> [AIM OF THE EXERCISE] After removing every image, reproduce the data exactly as it appears.

> [SUPPLIED MATERIAL]
####

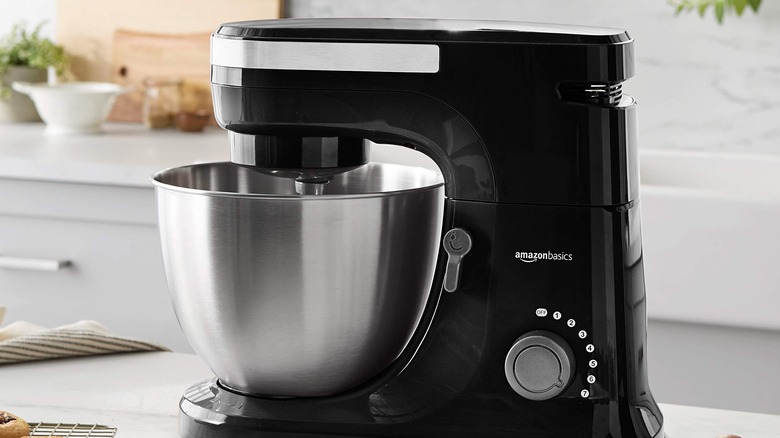 Amazon Basics black stand mixer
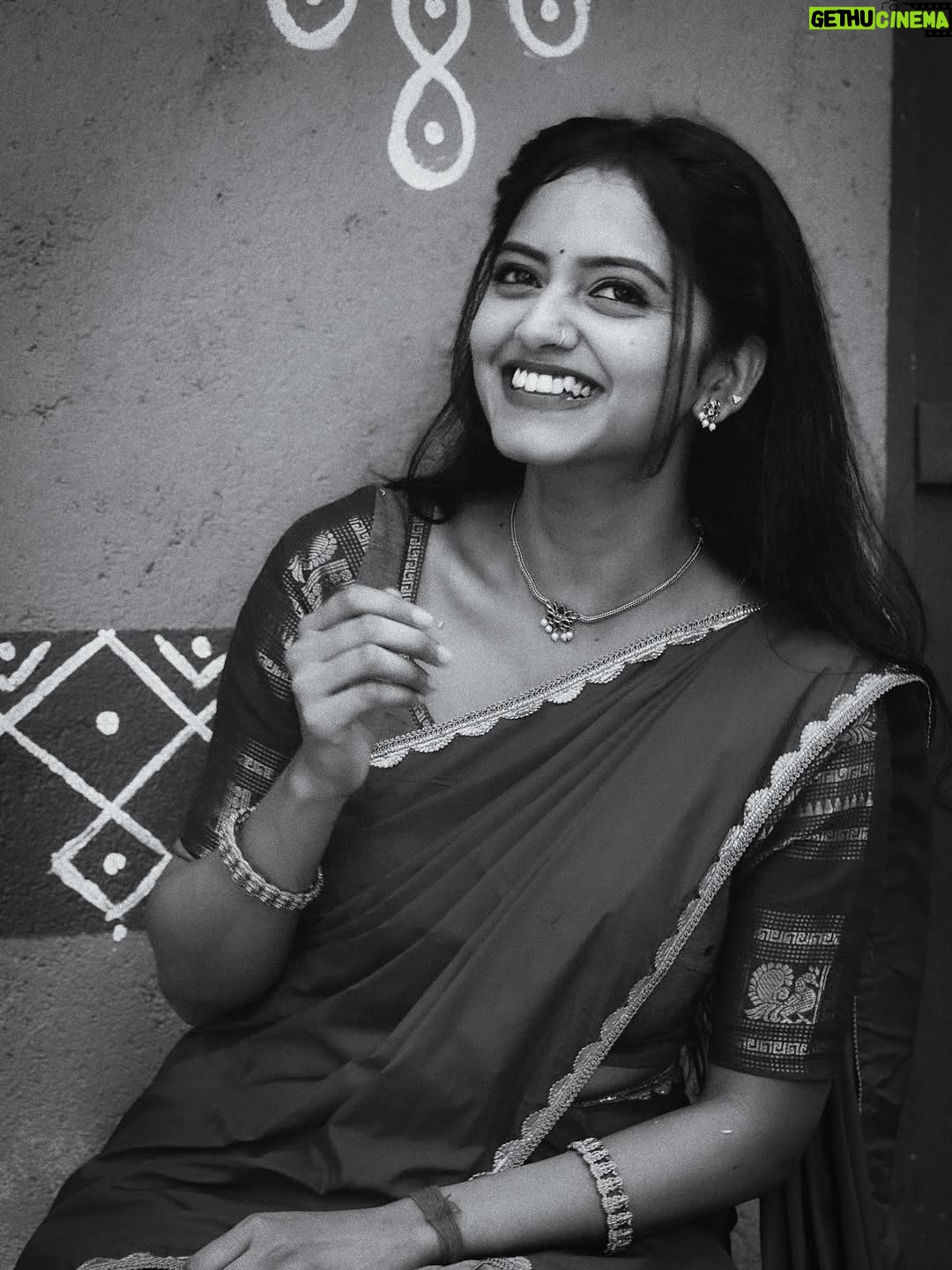 Darshini Gowda - 33.4K Likes - 🩶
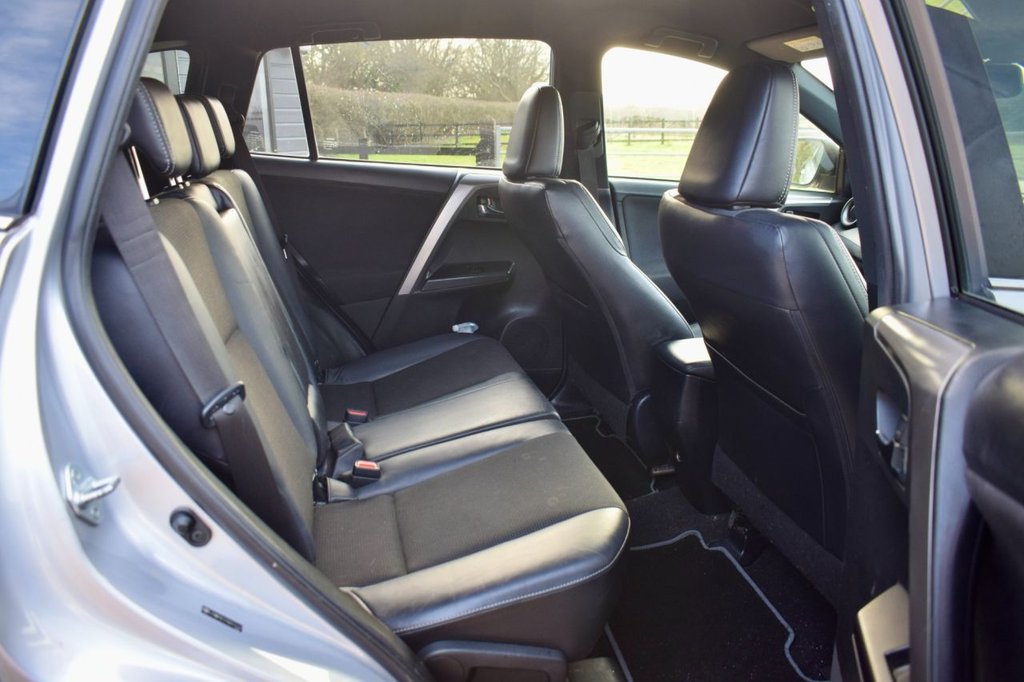 Used Toyota RAV4 2016 for sale - 77269079: Photo 28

####

> [EXERCISE RESPONSE]
 Amazon Basics black stand mixer
 Darshini Gowda - 33.4K Likes - 🩶
 Used Toyota RAV4 2016 for sale - 77269079: Photo 28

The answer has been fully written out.